Wednesday, April 16, 2008

Businessman indicted in fatal shooting

A Gainesville businessman accused of fatally shooting an employee in a dispute over payment was indicted for first-degree murder Monday, according to the State Attorney's Office.

In addition to the murder indictment, an Alachua County Grand Jury indicted Corey B. Pryor for possession of a firearm by a convicted felon, possession of a firearm by a violent career criminal and five counts of tampering with evidence, according to State Attorney Bill Cervone.

The murder charge could carry the death penalty or life imprisonment, depending on how the State Attorney's Office moves forward."I have not made a decision on that yet. It is under consideration," Cervone said of seeking the death penalty.

Pryor, 38, shot and killed Vearl Ingram, 51, on March 18 during an argument with Ingram, according to a Gainesville Police Department report. Ingram was an employee at Corey's Tree Service and Stump Removal, which was operated by Pryor.

Pryor held a semi-automatic handgun in the parking lot of Madison Pointe Apartments, 2701 NW 23rd Blvd., and ordered Ingram to get on the ground, according to police. Ingram threw a beer bottle at Pryor, and the two struggled over the gun before Pryor discharged the firearm three to five times, police say.

"The victim fell to the ground, bleeding profusely near the storm sewer grate, in the parking lot," a witness told the police two days after the incident.

The witness, 19-year-old Eric Woliver, talked to police two days after Ingram's killing, police said. He told police that he was initially fearful about coming forward, and did so only after he spoke with family, friends and attorneys.

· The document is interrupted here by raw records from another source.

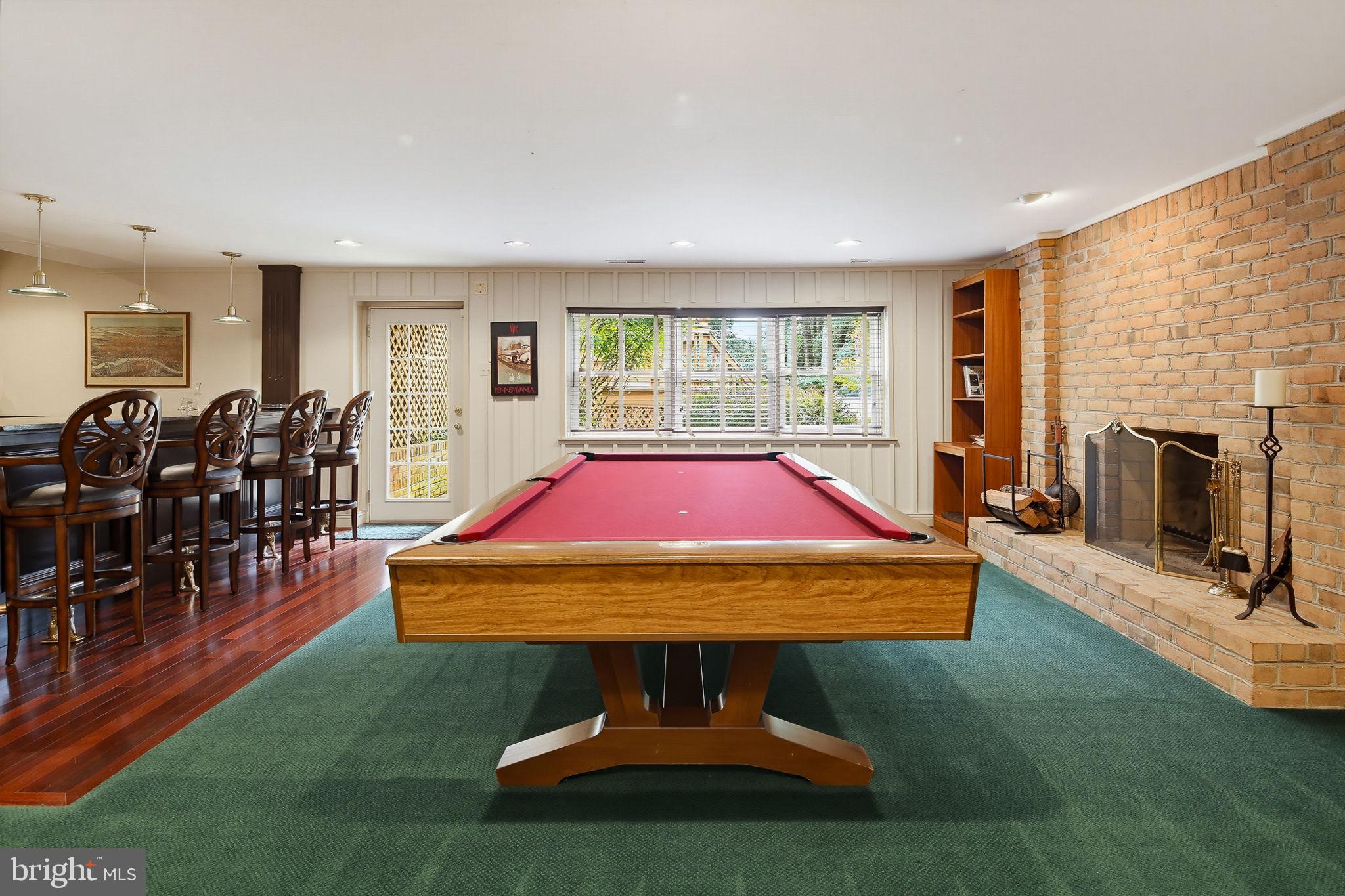 BUCKSKIN WOODS - Residential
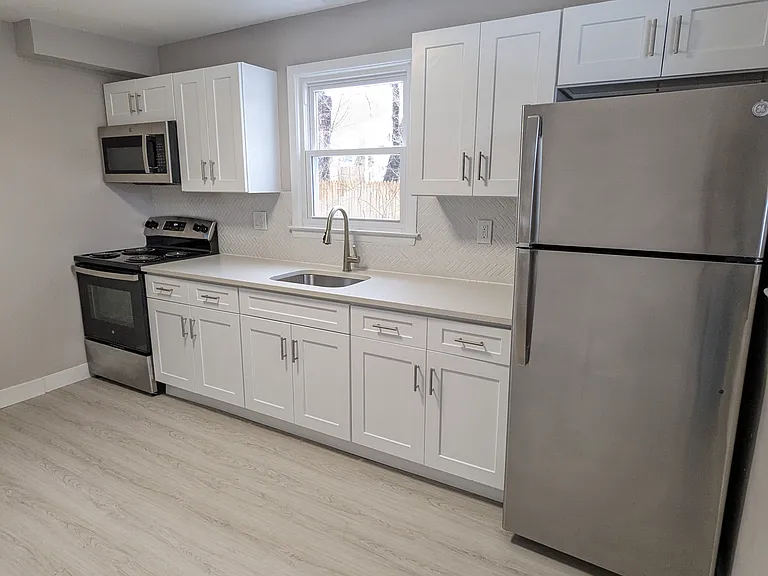 52 Fernwood Ave #1 — Photo 2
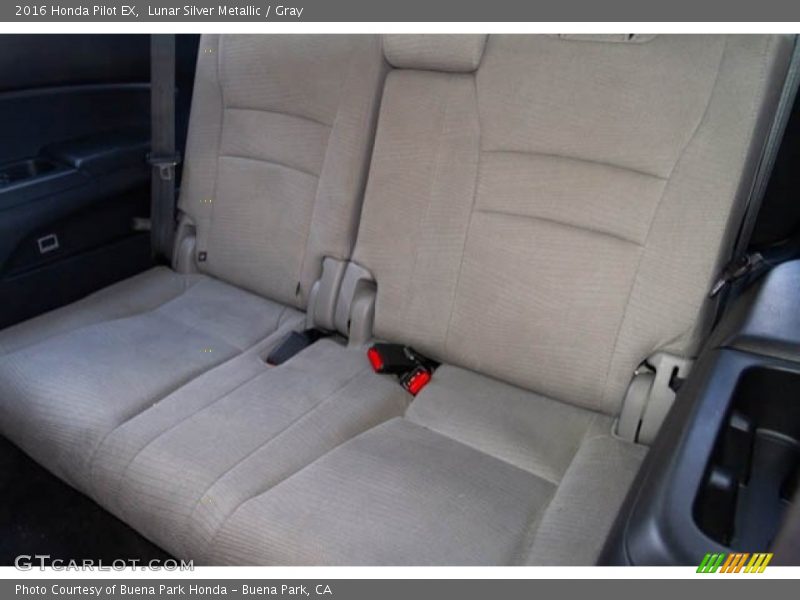 Lunar Silver Metallic / Gray 2016 Honda Pilot EX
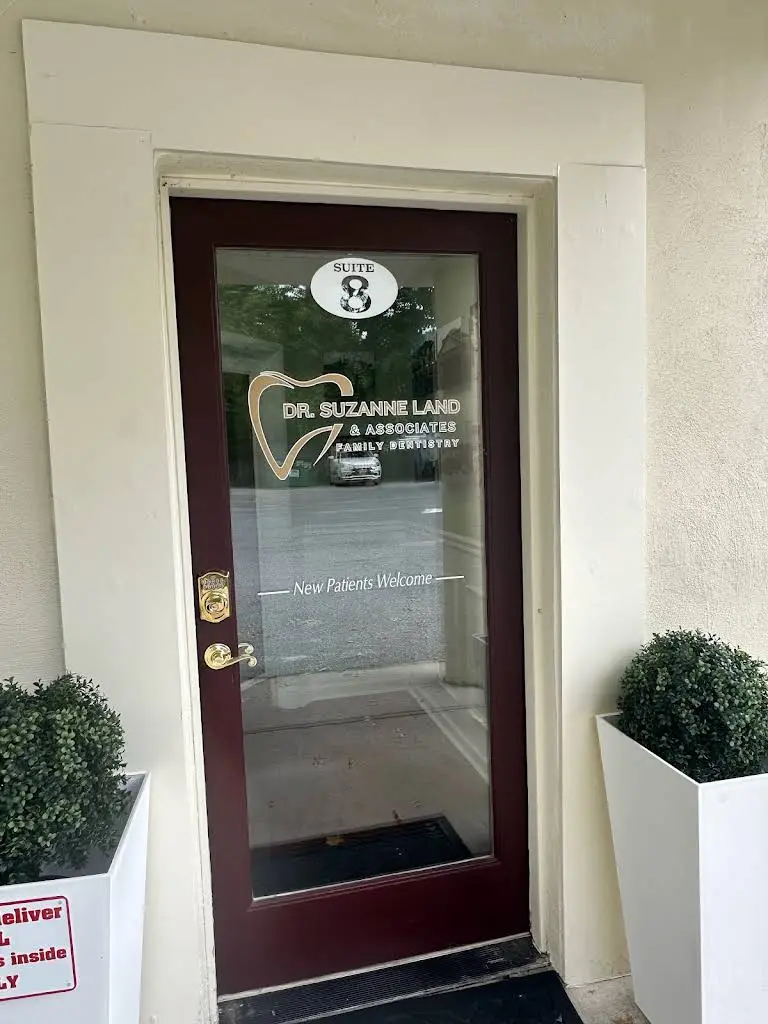 Dr. Suzanne Land & Associates Family Dentistry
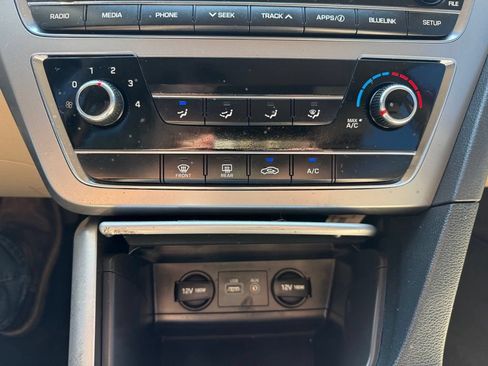 Used 2017 Hyundai Sonata SE FWD image 11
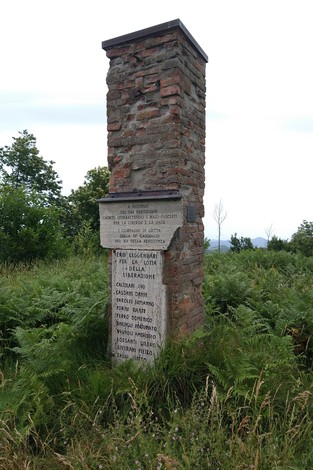 Monumento della Faggiola, dedicato ai caduti e alla memoria della resistenza, immerso nella natura.
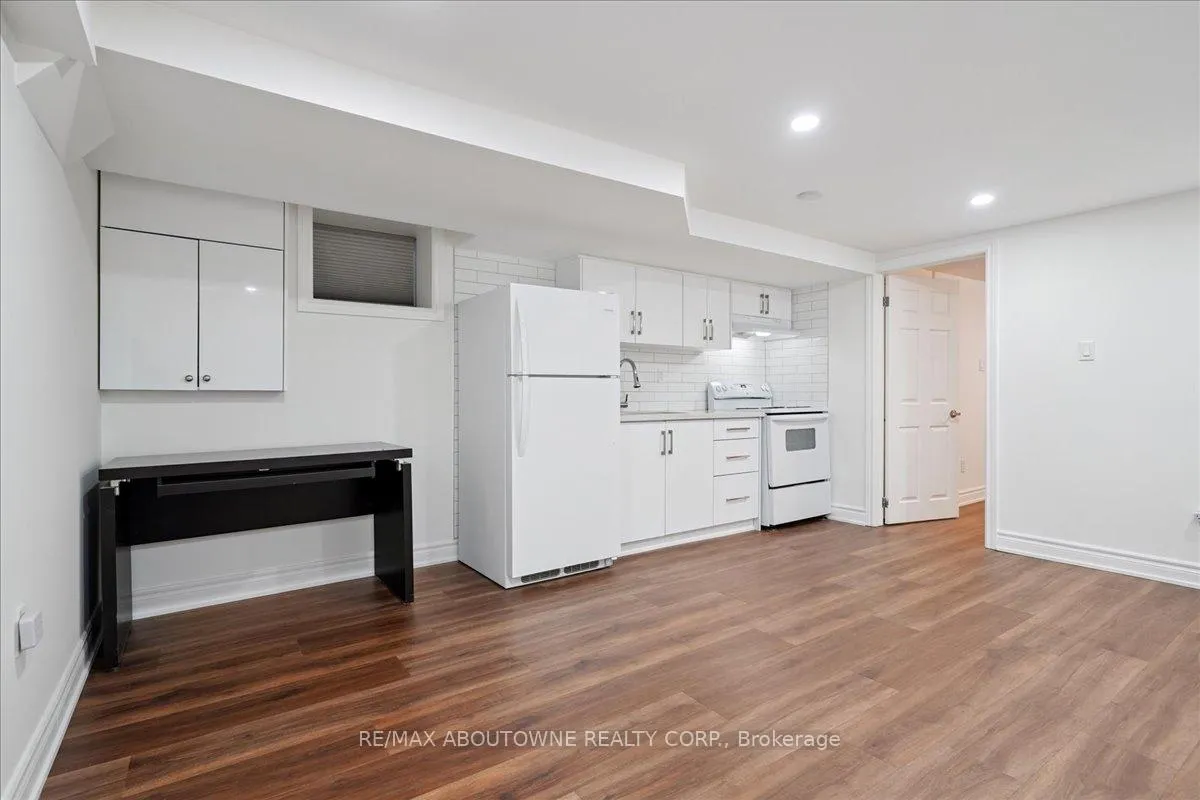 Photo 5 of Unit Lower, 436 Concord Avenue, Toronto, Dovercourt-Wallace Emerson-Junction — HOMEH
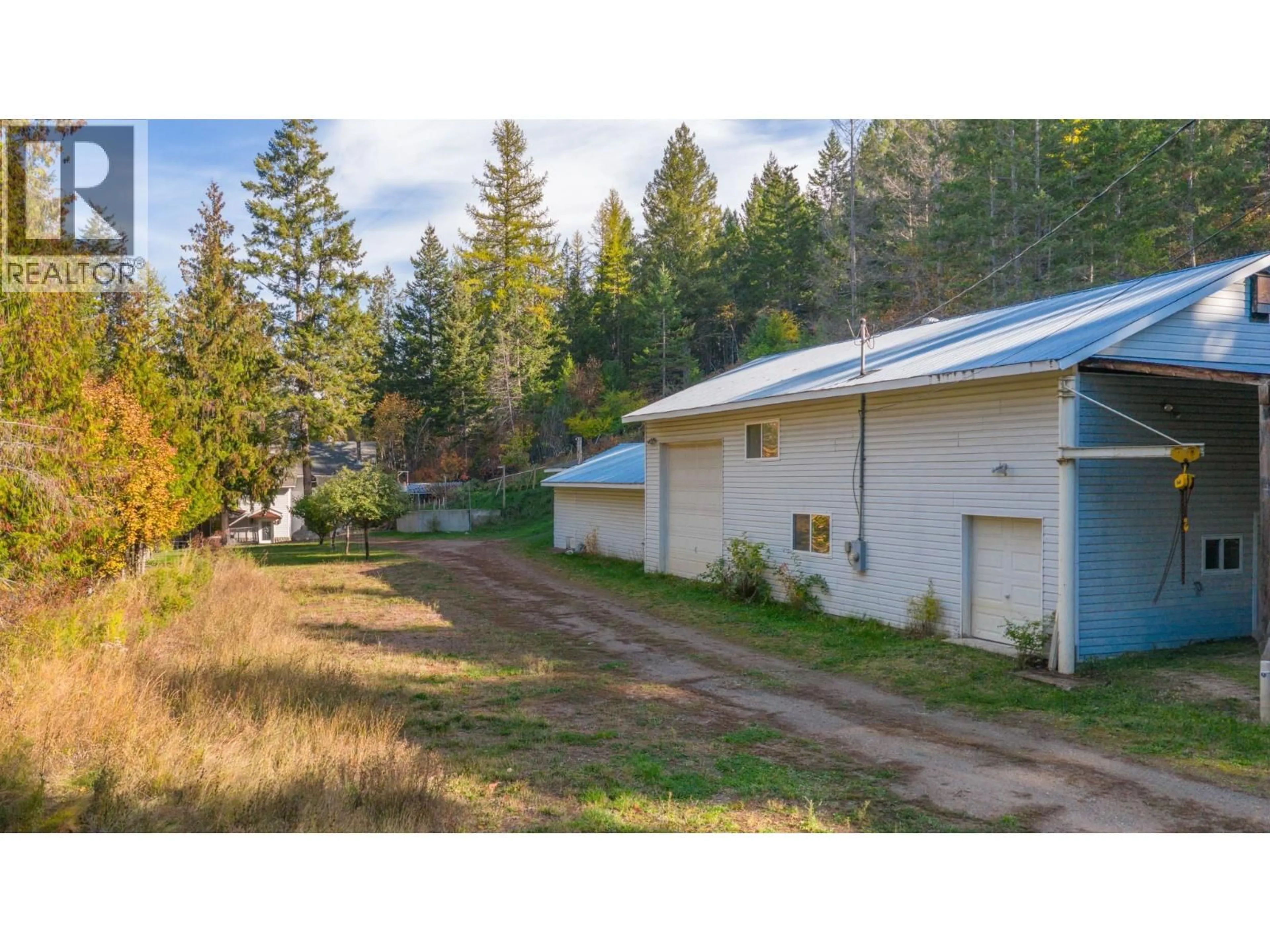 A pic from outside/outdoor area/front of a property/back of a property/a pic from drone, unknown for 3650 PHILLIPS ROAD, Creston British Columbia V0B1G2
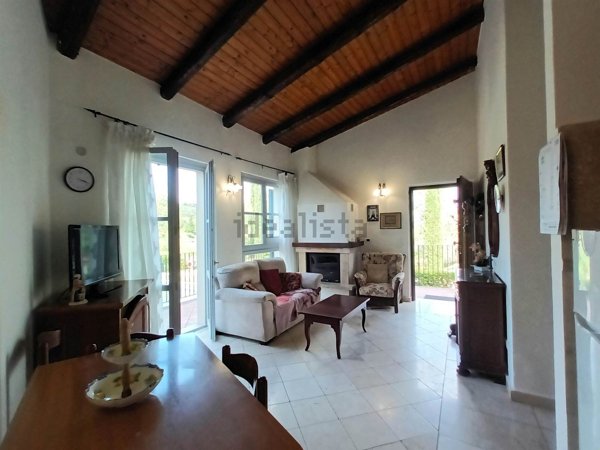 casa semindipendente in vendita a Cetona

At the time of the murder, Pryor was on state parole after being released from prison in April 2006 following a 1998 sentence on charges including aggravated assault, according to the Florida Department of Corrections. He has a prior criminal history of 33 felony charges and 10 felony convictions, according to police.

Bruce Randal Davis, 43, is also charged in connection with the murder. Davis, who is charged as an accessory after the fact and tampering with evidence, helped Pryor move Ingram's body to a swampy isolated hunting camp in Levy County in order to conceal the body, Cervone said. Davis was an employee at the company.

After the killing, Davis went to the 2200 block of NW 9th Place, where the victim was hidden in a yard under some bushes, according to police. He helped Pryor place the victim on a tarp and transfer the body into the van, then drove with Pryor to Levy County between Bronson Creek and Otter Creek, police said.

"Davis said he believed the body would be dismembered by wild animals before it was discovered," a police report states.

To further conceal the evidence, Pryor removed Ingram's belt and shoes, police say. He threw them out of the window of the van as the two returned to Gainesville, the report states.

Davis, who was stopped by police while driving Pryor's truck, initially used to hide the body, toward Ocala National Forest, had been instructed by Pryor to burn the truck, Davis told police according to a report. After he was stopped by police, Davis led them to the body. Davis also gave police the man's wallet and bloody shirt that Davis said Pryor had asked him to get rid of, police say.

Pryor is being held without bond in Alachua County jail, and Davis is also in jail on a $50,000 bond.